Tratamento da tuberculose tem índice médio de cura
de 88% e uma taxa de abandono em torno de 3% no Instituto Brasileiro para Investigação
da Tuberculose (IBIT) da Fundação José Silveira.
Tratamento
da tuberculose tem índice médio de cura de 88% e uma taxa de abandono em torno
de 3% no Instituto Brasileiro para Investigação da Tuberculose (IBIT) da
Fundação José Silveira. A unidade modelo tem resultados melhores do que os
índices estabelecidos pelo Ministério da Saúde, que recomenda a cura de, pelo
menos, 85% dos casos, com evasão aceitável de até 5%.
Estatísticas
do Ministério da Saúde indicam que 70 mil pessoas tiveram tuberculose entre os
anos de 2015 e 2016, resultando em 4.500 mortes. A Bahia é o terceiro estado em
casos de tuberculose, com mais de 14 mil casos registrados e um saldo de 1,1
mil mortes, entre 2013 e 2015, segundo a Secretaria Estadual de Saúde. Salvador
é a terceira capital em incidência da doença, com uma média anual de dois mil
casos. O IBIT atende 13 por cento dos casos novos registrados na cidade.
O
presidente da Fundação José Silveira, o médico Geraldo Leite revelou que o
trabalho desenvolvido pelo IBIT é referência nacional no combate à tuberculose,
que se torna grave quando diagnosticada tardiamente, quando há uso inadequado
da medicação, realização do tratamento de forma irregular ou abandono do
tratamento. “É uma doença infecciosa e transmissível que afeta prioritariamente
os pulmões (tuberculose pulmonar), embora possa acometer outros órgãos e
sistemas (tuberculose extrapulmonar) que quando não diagnosticada e tratada
adequadamente pode matar”, explicou, ressaltando o excelente trabalho
desenvolvido pelo professor José Silveira. “Foi um humanista e um médico
visionário, que criou na Bahia um Instituto pioneiro, agregando a excelência na
atividade assistencial a uma experiência inovadora de apoio social aos
pacientes, junto com um trabalho de destaque mundial na pesquisa científica”,
esclareceu.
A
Organização Mundial anunciou no final do ano passado que a tuberculose superou
a Aids e hoje é a doença infecciosa que causa mais mortes no mundo.

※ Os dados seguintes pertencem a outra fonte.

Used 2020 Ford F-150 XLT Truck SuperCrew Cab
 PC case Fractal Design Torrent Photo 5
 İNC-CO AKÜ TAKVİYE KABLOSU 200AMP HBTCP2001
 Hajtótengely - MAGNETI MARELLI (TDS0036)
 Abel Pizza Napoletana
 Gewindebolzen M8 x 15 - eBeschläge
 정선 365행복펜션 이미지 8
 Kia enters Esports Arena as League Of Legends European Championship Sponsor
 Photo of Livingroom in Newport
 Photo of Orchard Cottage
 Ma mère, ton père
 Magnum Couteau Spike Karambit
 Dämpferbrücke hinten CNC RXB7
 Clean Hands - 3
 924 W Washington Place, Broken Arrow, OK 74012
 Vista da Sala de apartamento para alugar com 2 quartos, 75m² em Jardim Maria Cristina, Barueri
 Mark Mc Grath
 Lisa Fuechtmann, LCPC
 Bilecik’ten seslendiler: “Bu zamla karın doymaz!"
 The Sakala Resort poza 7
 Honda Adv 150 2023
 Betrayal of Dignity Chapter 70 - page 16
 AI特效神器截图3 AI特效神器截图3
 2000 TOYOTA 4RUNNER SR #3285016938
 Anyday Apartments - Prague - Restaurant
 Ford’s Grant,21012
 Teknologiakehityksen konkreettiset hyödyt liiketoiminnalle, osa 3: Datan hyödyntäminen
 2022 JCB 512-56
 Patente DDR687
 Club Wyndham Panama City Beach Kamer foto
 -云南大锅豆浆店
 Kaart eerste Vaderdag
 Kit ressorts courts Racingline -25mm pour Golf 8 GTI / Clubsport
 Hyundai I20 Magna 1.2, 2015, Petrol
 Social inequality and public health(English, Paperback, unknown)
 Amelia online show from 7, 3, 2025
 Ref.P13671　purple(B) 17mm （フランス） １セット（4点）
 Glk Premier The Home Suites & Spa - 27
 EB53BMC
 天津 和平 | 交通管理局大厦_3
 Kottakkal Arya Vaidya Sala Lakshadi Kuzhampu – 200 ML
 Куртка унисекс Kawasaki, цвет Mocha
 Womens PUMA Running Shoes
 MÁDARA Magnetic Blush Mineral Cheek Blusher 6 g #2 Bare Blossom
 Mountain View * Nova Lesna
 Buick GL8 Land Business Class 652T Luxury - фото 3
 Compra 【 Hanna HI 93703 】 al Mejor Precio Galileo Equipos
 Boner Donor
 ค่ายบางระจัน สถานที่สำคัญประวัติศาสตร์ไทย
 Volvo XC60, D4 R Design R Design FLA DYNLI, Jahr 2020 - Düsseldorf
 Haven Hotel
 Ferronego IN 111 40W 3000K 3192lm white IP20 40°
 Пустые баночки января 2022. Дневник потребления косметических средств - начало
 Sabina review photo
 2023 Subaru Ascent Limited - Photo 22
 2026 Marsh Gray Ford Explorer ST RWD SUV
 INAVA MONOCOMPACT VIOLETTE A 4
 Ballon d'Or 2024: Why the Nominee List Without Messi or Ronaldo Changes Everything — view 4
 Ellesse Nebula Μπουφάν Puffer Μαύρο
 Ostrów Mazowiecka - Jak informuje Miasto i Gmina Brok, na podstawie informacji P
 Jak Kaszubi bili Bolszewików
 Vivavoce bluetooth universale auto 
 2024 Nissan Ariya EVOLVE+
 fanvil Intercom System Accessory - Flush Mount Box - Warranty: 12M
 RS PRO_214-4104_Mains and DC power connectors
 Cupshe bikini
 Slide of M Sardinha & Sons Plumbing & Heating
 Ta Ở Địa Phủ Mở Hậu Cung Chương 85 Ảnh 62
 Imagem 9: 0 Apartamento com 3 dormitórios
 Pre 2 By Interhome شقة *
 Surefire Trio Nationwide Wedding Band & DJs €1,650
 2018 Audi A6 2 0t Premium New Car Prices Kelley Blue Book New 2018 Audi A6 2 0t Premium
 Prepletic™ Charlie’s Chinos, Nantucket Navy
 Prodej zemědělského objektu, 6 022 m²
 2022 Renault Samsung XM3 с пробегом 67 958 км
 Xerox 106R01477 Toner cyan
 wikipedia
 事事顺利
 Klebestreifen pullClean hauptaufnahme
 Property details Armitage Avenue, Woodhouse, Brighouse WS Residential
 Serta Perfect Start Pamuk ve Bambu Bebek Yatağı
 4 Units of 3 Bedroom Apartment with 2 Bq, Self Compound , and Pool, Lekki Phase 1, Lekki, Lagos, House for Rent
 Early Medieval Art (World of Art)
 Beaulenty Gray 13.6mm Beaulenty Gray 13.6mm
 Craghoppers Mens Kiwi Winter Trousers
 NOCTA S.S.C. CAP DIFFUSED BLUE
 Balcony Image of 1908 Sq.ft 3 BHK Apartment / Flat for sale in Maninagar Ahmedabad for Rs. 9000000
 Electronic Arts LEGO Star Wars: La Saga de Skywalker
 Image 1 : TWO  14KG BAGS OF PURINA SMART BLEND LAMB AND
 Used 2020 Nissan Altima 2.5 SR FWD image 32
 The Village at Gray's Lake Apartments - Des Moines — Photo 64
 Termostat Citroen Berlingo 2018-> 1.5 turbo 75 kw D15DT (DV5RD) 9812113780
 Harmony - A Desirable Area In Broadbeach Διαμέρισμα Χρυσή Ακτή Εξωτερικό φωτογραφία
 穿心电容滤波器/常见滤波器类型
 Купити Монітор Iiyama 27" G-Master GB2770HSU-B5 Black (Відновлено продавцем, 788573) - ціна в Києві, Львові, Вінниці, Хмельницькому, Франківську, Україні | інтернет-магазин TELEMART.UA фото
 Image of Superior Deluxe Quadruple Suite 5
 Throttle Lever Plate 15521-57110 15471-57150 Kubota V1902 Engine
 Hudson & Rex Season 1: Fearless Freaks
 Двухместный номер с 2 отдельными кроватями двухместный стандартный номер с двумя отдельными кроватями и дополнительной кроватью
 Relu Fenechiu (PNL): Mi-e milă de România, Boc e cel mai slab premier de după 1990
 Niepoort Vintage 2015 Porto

Segundo o presidente da Rede de Pesquisas em Tuberculose, Afrânio
Kritski, a meta de controle da doença visa a redução de 15% de casos por ano
até 2035, número que hoje está em torno de 1,5%. “A tuberculose hoje é um grave
problema de saúde pública, que precisa ser combatido com medidas efetivas”,
afirmou.
Na
última segunda-feira, a Fundação José Silveira (FJS) comemorou seus 80 anos em
evento solene realizado na Faculdade de Medicina da Bahia. Na oportunidade,
Afrânio Kritski, apresentou as medidas do novo Plano Nacional pelo Fim da
Tuberculose, a ser lançado pelo Ministério da Saúde no próximo dia 24 de março,
Dia Mundial de Controle da Tuberculose. “O Plano inova em dois pilares, um com
foco no reforço de medidas de proteção social para diminuir a alta evasão e
reforçar o êxito do tratamento e outro voltado ao reforço nas pesquisas, áreas
onde o IBIT se destaca”, comentou Kritski. Segundo o especialista, o terceiro
pilar é voltado às ações de controle usuais da doença, para reverter os atuais
indicadores.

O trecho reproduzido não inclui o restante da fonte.